= B. K. N. Chhibber =

Indian military veteran (born 1936)

Lieutenant General Bakshi Krishan Nath Chhibber (born 10 February 1936) is an Indian military veteran who has also served as Administrator of Chandigarh and Governor of Punjab from 18 September 1994 to 27 November 1999. As member of the 9th Gorkha Rifles he received all the three Peacetime distinguished service awards of Param Vishisht Seva Medal, Ati Vishisht Seva Medal and Vishisht Seva Medal.

== Personal life ==
Bakshi Krishan Nath Chhibber was born on 10 February 1936 in Lahore Punjab Province of British India (present day Punjab, Pakistan) into the Chhibber clan of Mohyal Brahmins. His family migrated to present day-India in 1947 post the partition. He was married to Rama Chhibber who died in January 2018 at the age of 78. They have a son and a daughter.

== Career ==
Chhibber graduated from Indian Military Academy, Dehradun in December 1956 and later joined the Gorkha Rifles.

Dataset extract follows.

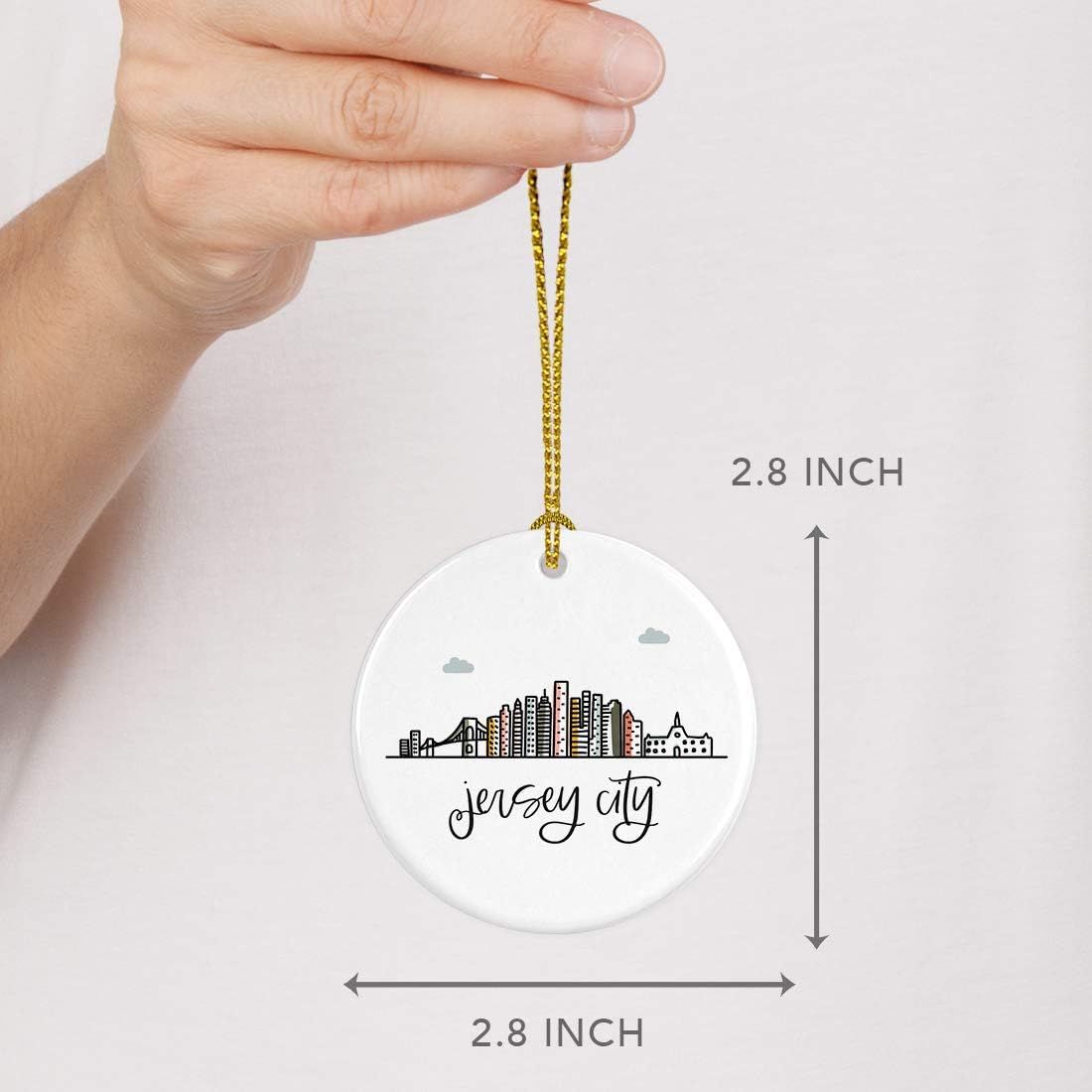 Andaz Press Round Ceramic Porcelain Christmas Tree Ornament Keepsake Gift, Jersey City, Colorful City Skyline Graphic, 1-Pack, Birthday Ideas Family Coworker Him Her, Includes Gift Box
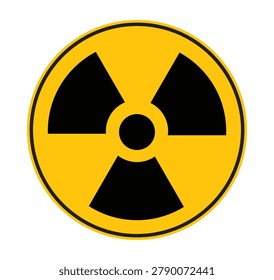 Radiation warning sign icon with radioactive hazard symbol for nuclear safety, restricted areas, danger alerts, risk awareness, compliance and workplace protection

He also served as defence advisor to Royal Bhutan Army from August 1964 to December 1967 and was honoured with the Ugen Thogyal Medal by Bhutan for his services in 1967.

Chhibber had also contested the 2009 Indian general election from Amritsar representing Bahujan Samaj Party but lost to Bharatiya Janata Party's cricketer turned politician Navjot Singh Sidhu.